[PROBLEM TO WORK ON]: Each record below is to be output unchanged, and any picture is to be dropped.

[RECORDS PROVIDED]:
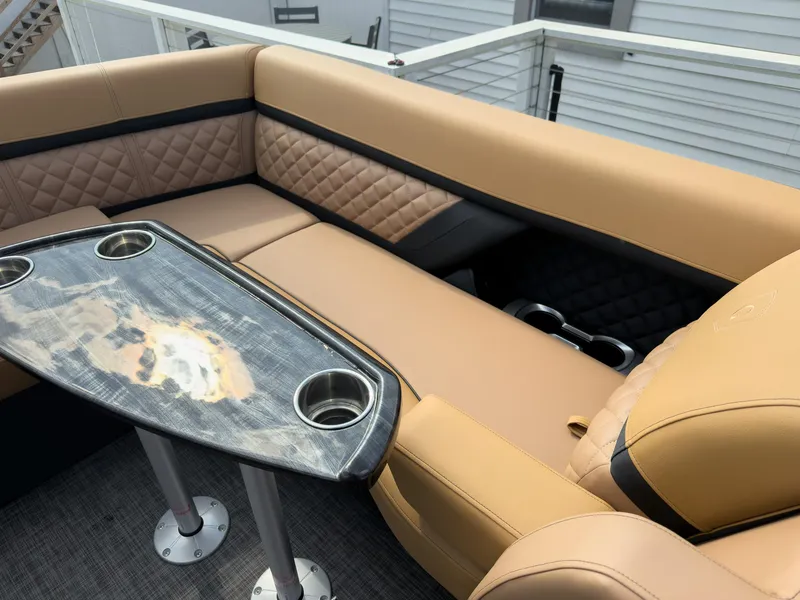 Slide: The Image of Control panel with chilled cupholder and canopy switches on 2026 Godfrey Aquapatio Tritoon. - 53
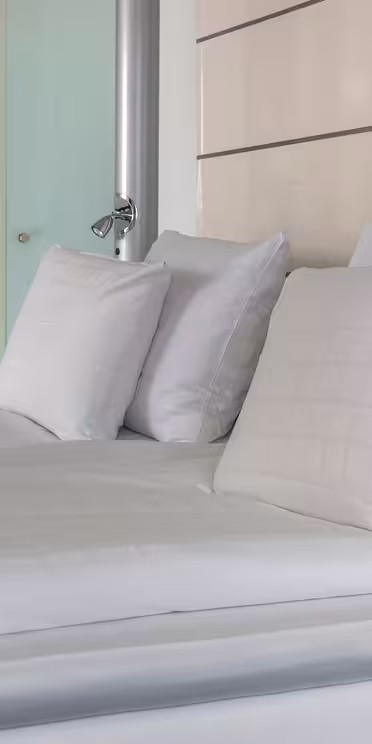 Moderne hotellrom med en pent oppredd seng med hvitt sengetøy og flere puter. En trehylle med drinker, kopper og en vannkoker er i bakgrunnen, ved siden av en frostet glassdør. Rommet har en stilig og minimalistisk design.
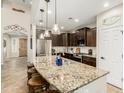 Spacious kitchen featuring granite counters, stainless appliances, and stylish pendant lighting over a large island at 26391 N 107Th Dr, Peoria, AZ 85383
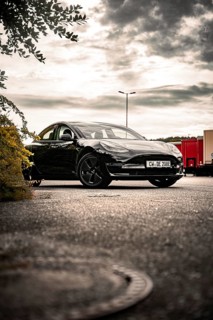 Black car in a parking lot under cloudy sky with trees nearby, Deer E- car sharing, Tesla Model 3,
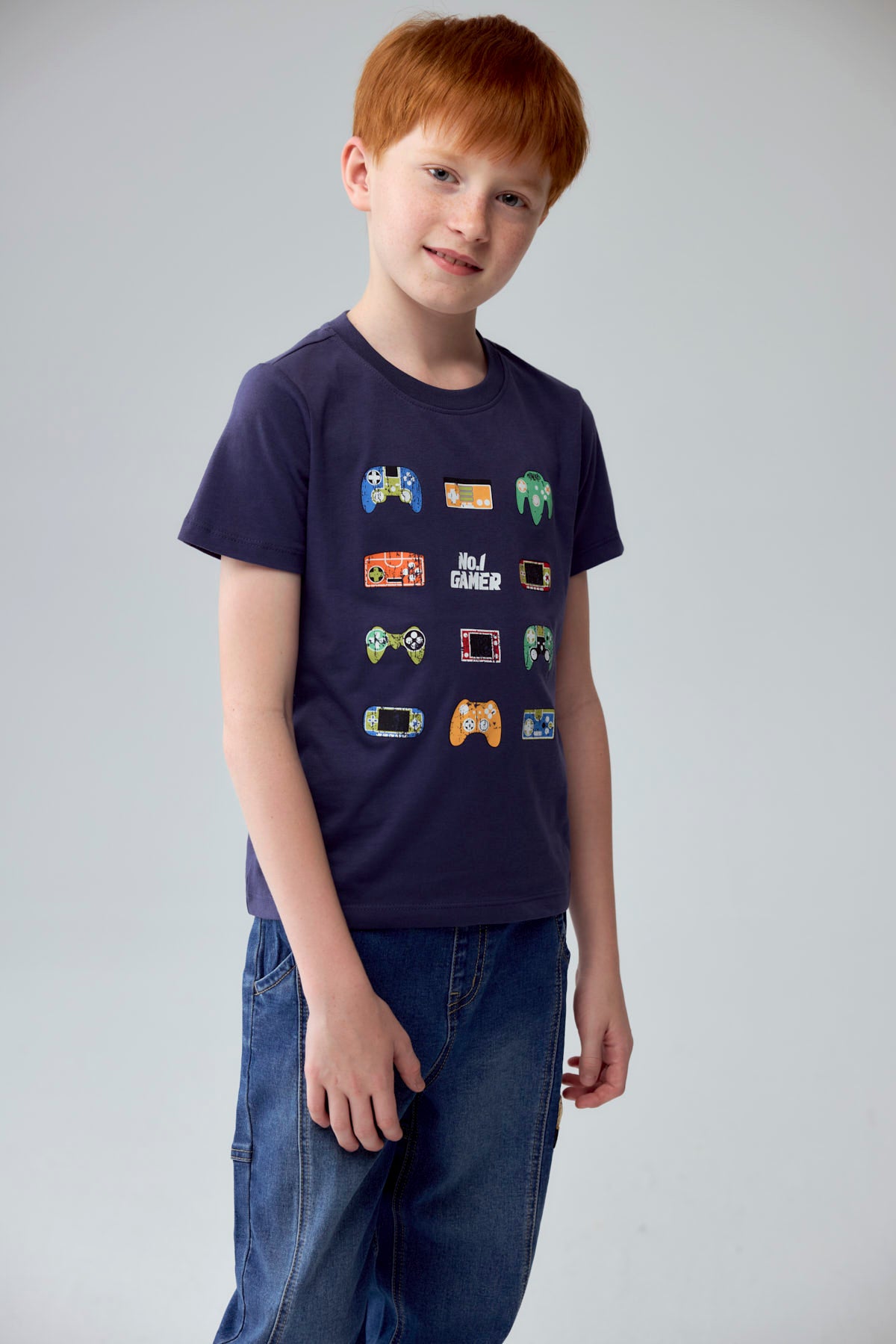 Polera niño azul con estampado de controles de videojuegos variados en el frente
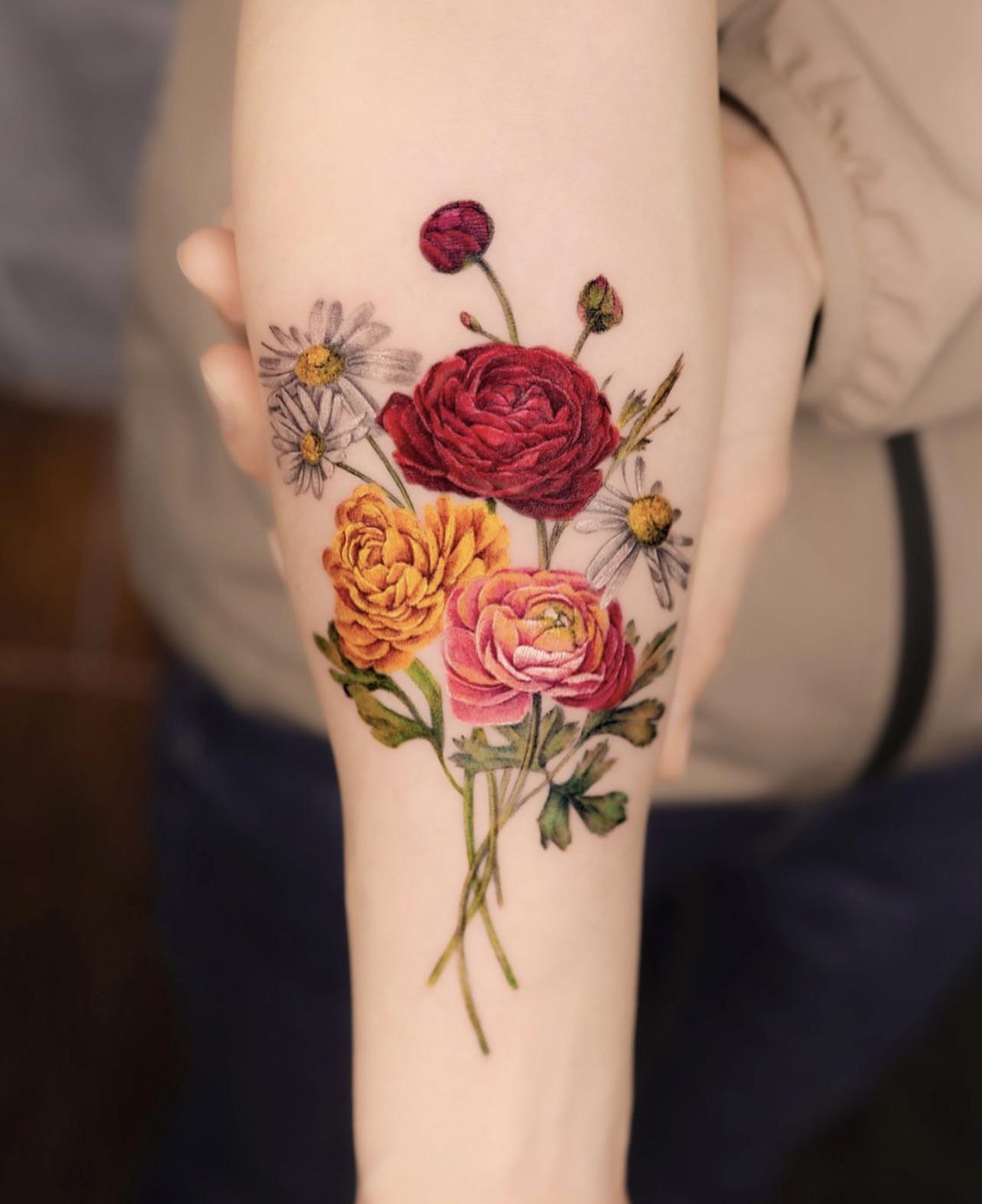 Botanical artistry blooms to life on this forearm canvas, where ranunculus flowers in deep burgundy, coral, and blush pink mingle with delicate white daisies in stunning realistic detail. The artist's masterful color saturation and precise shading technique transforms this floral bouquet into a living garden that seems to grow naturally along the arm's curve. 🌸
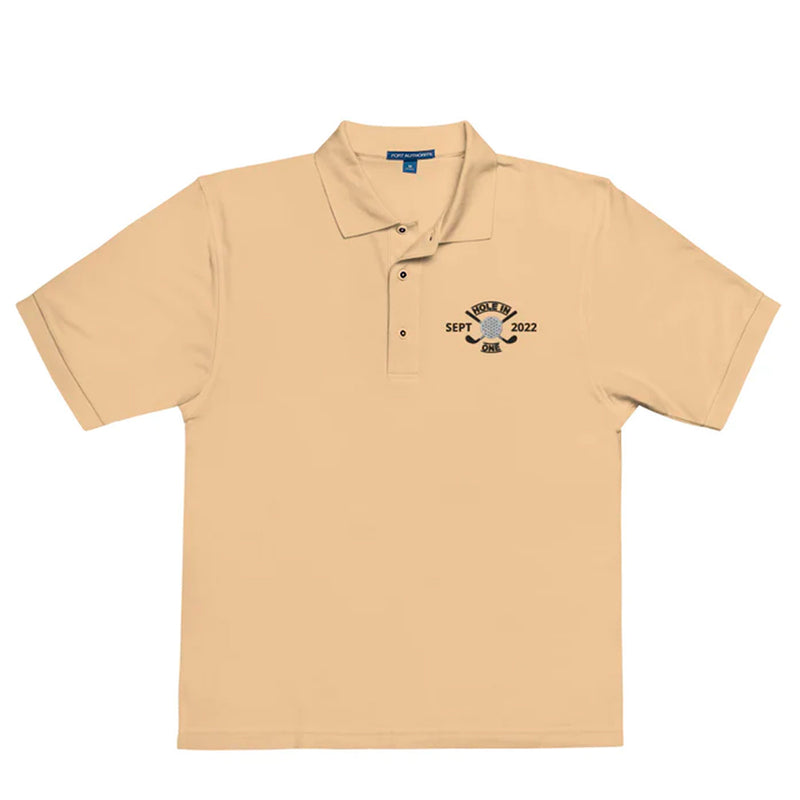 "Hole in One with Personalized Month and Year" - Stone Colored Golf shirt • 65% polyester, 35% cotton pique • Relaxed fit that runs large • Flat knit collar and cuffs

[EXERCISE RESPONSE]:
 Slide: The Image of Control panel with chilled cupholder and canopy switches on 2026 Godfrey Aquapatio Tritoon. - 53
 Moderne hotellrom med en pent oppredd seng med hvitt sengetøy og flere puter. En trehylle med drinker, kopper og en vannkoker er i bakgrunnen, ved siden av en frostet glassdør. Rommet har en stilig og minimalistisk design.
 Spacious kitchen featuring granite counters, stainless appliances, and stylish pendant lighting over a large island at 26391 N 107Th Dr, Peoria, AZ 85383
 Black car in a parking lot under cloudy sky with trees nearby, Deer E- car sharing, Tesla Model 3,
 Polera niño azul con estampado de controles de videojuegos variados en el frente
 Botanical artistry blooms to life on this forearm canvas, where ranunculus flowers in deep burgundy, coral, and blush pink mingle with delicate white daisies in stunning realistic detail. The artist's masterful color saturation and precise shading technique transforms this floral bouquet into a living garden that seems to grow naturally along the arm's curve. 🌸
 "Hole in One with Personalized Month and Year" - Stone Colored Golf shirt • 65% polyester, 35% cotton pique • Relaxed fit that runs large • Flat knit collar and cuffs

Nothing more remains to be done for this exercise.